Anyway, I loosened all the bolts at the head, retightened them, adjusted the
stem cap…but the click is still there! I disassembled and reassembled the
headset two times. At the second time, my dad helped me and the click went
away for a few days, just to gradually come back ringing in my ears. The
bearings look ok to me… What should I do next that I have forgotten? Could
my headtube be ovalized? When I turn the handle bars past 3 or 9 o’clock the
sharp creak comes up. It only happens when I turn them slowly. It is not very
noticeable when riding, but it bugs me that my bmx is not perfect… Could the
sound be related to the bearings not breaking in yet? Or because of a grain of
dust somewhere critical?
I have different dirt jump spots that I have prepared a long time ago, all
over my farm, I have just cleared a path from jump to jump.There are nasty
bumps all over the place, from my house to the jumps. Will my frame last
I ride with a freecoaster, and it sure is weird. Are there any specific
riding techniques that I should avoid, or is it rugged like a cassette?
I might have broken the record for the most questions in one email. Thanks
a lot for your time. I love the magazine, don’t even dare to stop making it!
A bmx rider all the way from Laos, Xang Noi. (Yep, it’s a tricky name!).
No worries Mommanie. The headset is a totally common issue. This sounds like (and we cant say for sure without the bike in hand) the headset is just dry, and not the bearings but the tapered top and bottom races that the bearings ride on. If your fork has a built in race then no worries there, but the top is a separate piece that slides over the fork and held in place by pressure put on the top cap when you adjust your preload bolt. Many of these top races have a cut in them to allow them to spread and fit micro variations in steertube diameters. Now, pressure wants this ring to stay, but friction wants it to move and the click is the end result. Try a lightweight liquid lube, like Triflow and drip two or three drops into the thin gap between your top cap and the headtube. Ride around for a few minutes to let this soak in and it should solve your problem.
Your bike is awesome and will handle a lifetime of bumpy trails and some of the toughest street, park and dirt riding you could dream of. It is a full chromoly frame, fork and bar packed with top of the line parts. Tough to go wrong. We have said it before and we will say it again, WTP bikes aren’t the least expensive bikes out there but they are very well designed and spec’ed.

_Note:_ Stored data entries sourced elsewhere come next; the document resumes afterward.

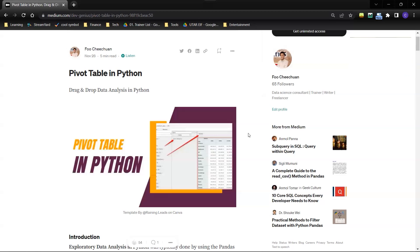So even though I can write Python codes, I can create different level of aggregations, but it's just not that convenient. So one day I was thinking, can we have this kind of interactive features in Python?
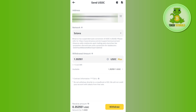On the next page you just have to confirm your withdrawal. I cannot show you the complete transfer process because I currently don't have enough USDC in my account, but on that next page you simply confirm your withdrawal and this way you will be able to load USDC into your Phantom wallet. I hope the video was helpful — if it was, don't forget to like the video and subscribe to the channel. Thank you so much for watching.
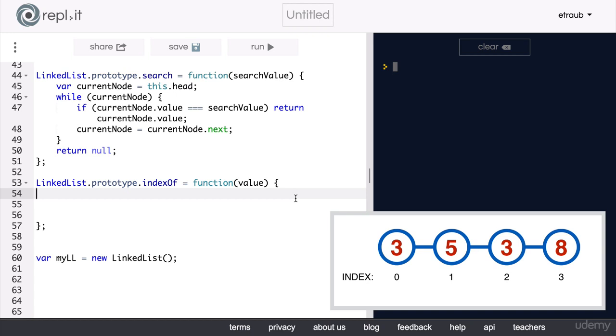In the next video, we will be reviewing this exercise and going over a solution for it. So, be sure to give this problem a try before moving on to the next video. Good luck!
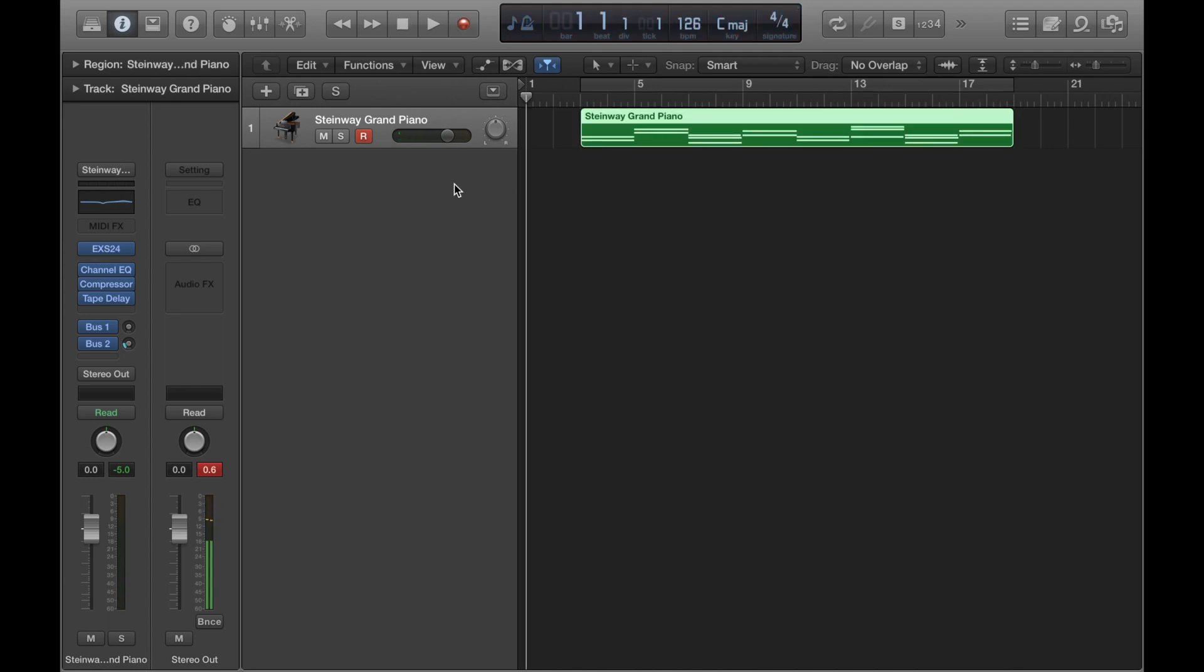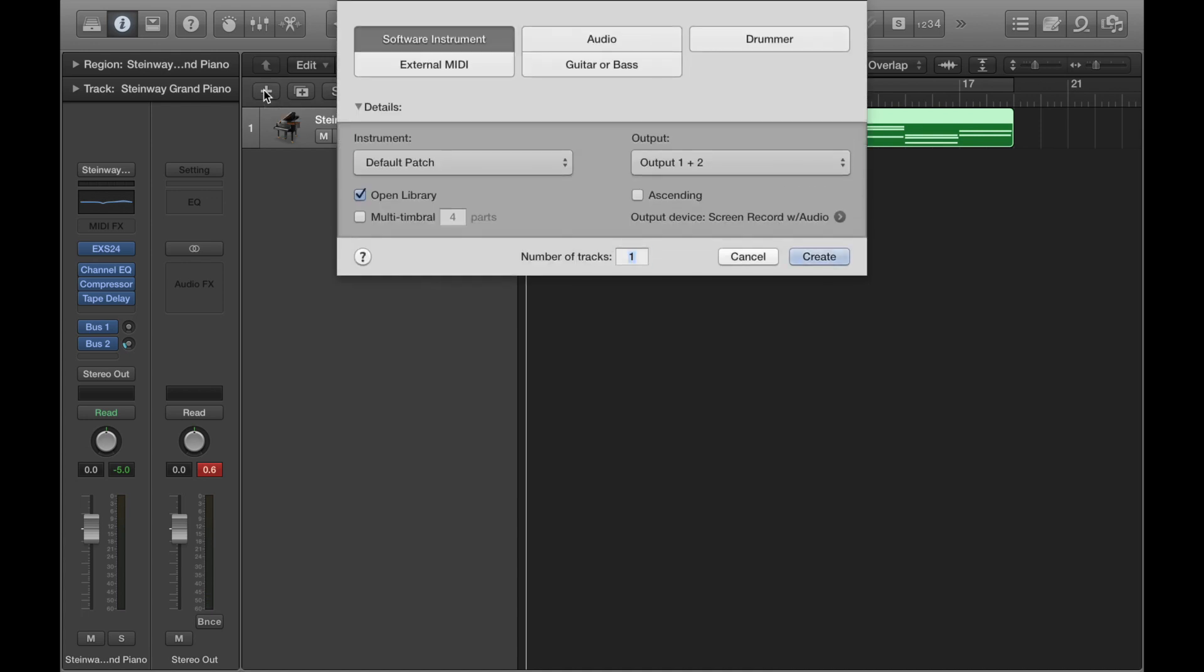Now I'm going to add something else on top of this. So to do that I'll go over to the plus sign to create a new track.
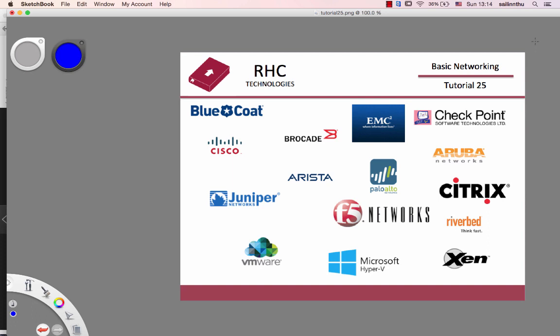Through the evolution of network engineering, fellow companies here are producing networking products and devices. The leading companies in this way are Cisco, Juniper, and Brocade.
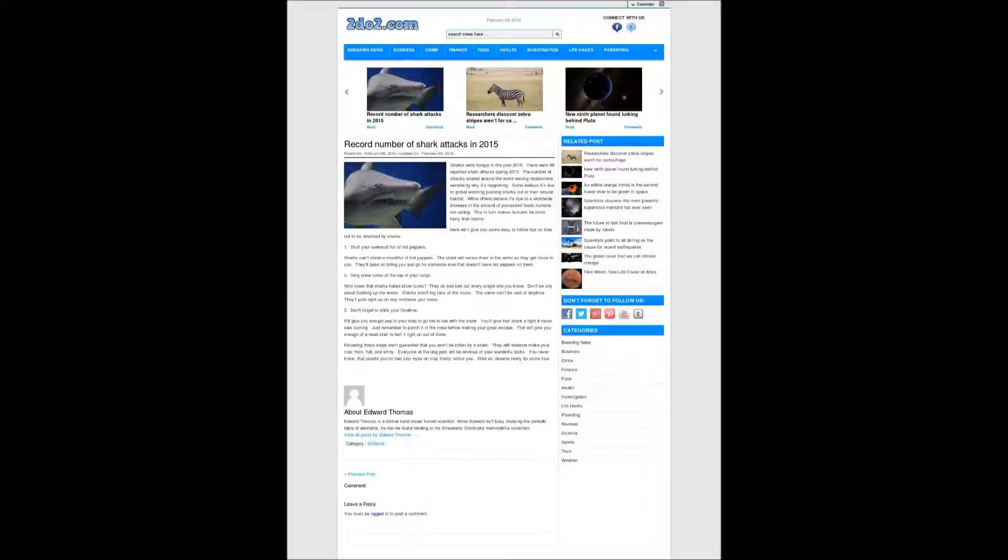Sing show tunes at the top of your lungs. Who knew that sharks hated show tunes? They do, so belt out every single one you know. Don't be shy about flubbing up the words. Sharks aren't big fans of the music. The same can't be said of dolphins. They'll pick right up on any mistakes you make.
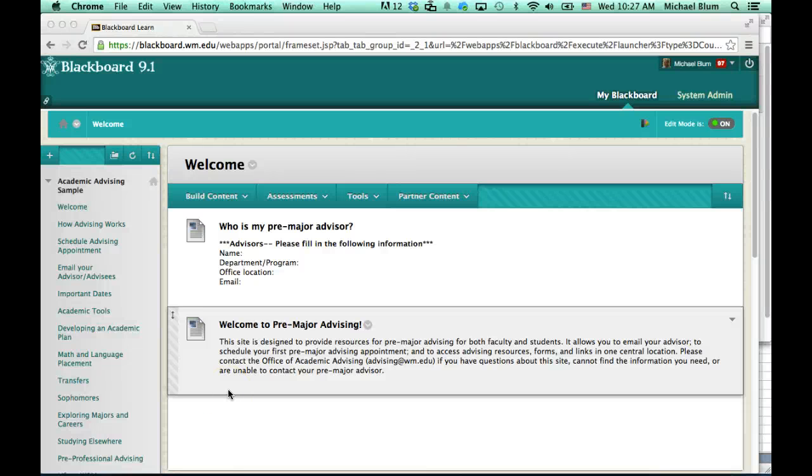Hi, this is Mike Bloom, and in this tutorial I'm going to show faculty members how to view their advising appointments.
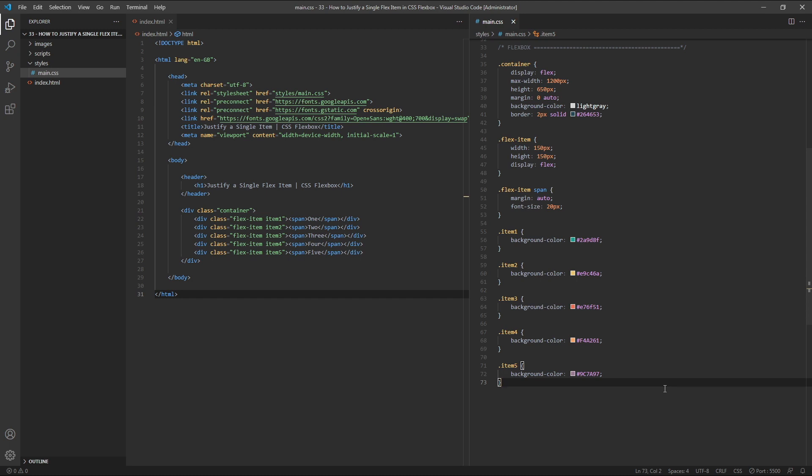Hi everyone, Tom here from Frontend Beginners, and in this video we'll look at how to justify a single flex item in CSS Flexbox.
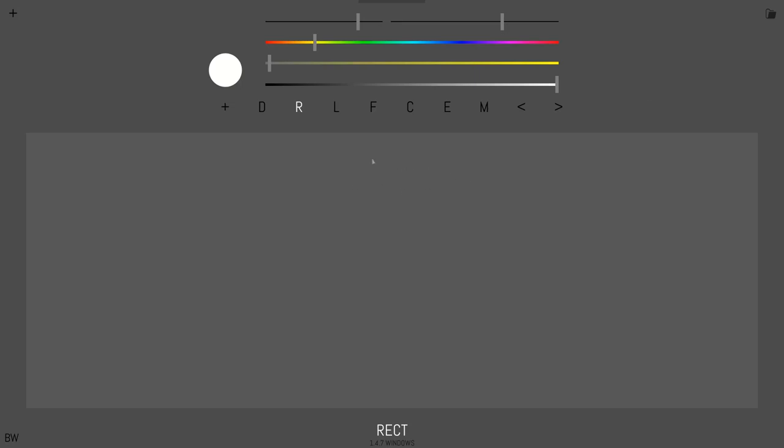Okay, welcome to a little demo of Heavy Paint. So we've got a bunch of tools up here on the top. Let's run through them really quickly.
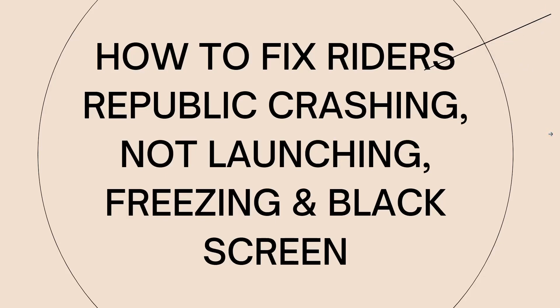Welcome. In this tutorial, I'm going to show you how to fix Riders Republic crashing, not launching, freezing, and black screen. If you're experiencing these issues in Riders Republic, it can be frustrating, but there are several troubleshooting steps you can try to resolve these problems.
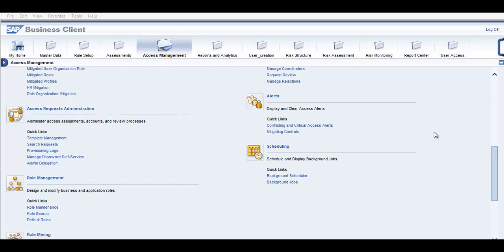Good morning everyone. Let's get started with the next topic which is Access Controls — that is Access Risk Analysis. In this training we will look at the configuration aspect of ARA. Once the installation is done for the GRC, we need to do some configuration work so that we can start using and generating Access Risk Analysis reports. That is the main objective for this particular session.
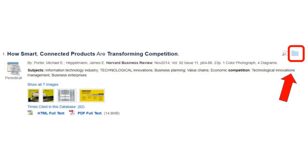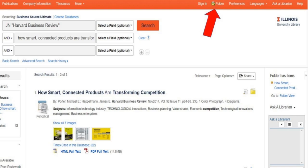Once you have found the article you are looking for, you can add it to a folder to download or export at a later time. To add to a folder, click on the folder icon next to the article title. To locate the folder where you have saved the articles, go to Folder on the top bar — it's in between Sign In and Preferences.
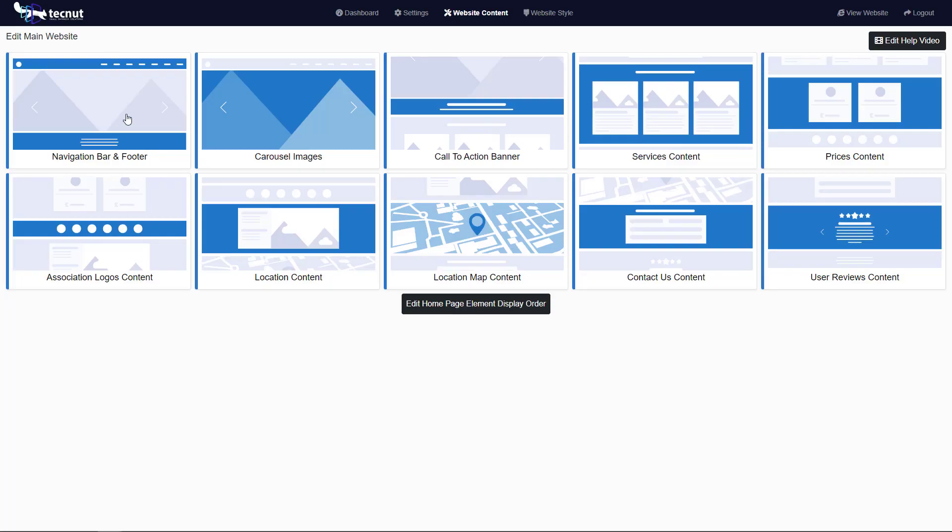Hello, everybody. This video is on your nav bar and footer settings. This area is pretty simple.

As for the freecoaster, it will wear out faster then the average cassette hub, but there is no need to ride or treat it any differently. The only thing you will want to try and avoid is locking it up when you half cab out of the every day fakie. Work on getting your cabs smooth and without the need of loading up the cranks and chances are it will last you a lifetime. Save the front pedal throttle for when you are doing cabs up stuff and need a little more pop.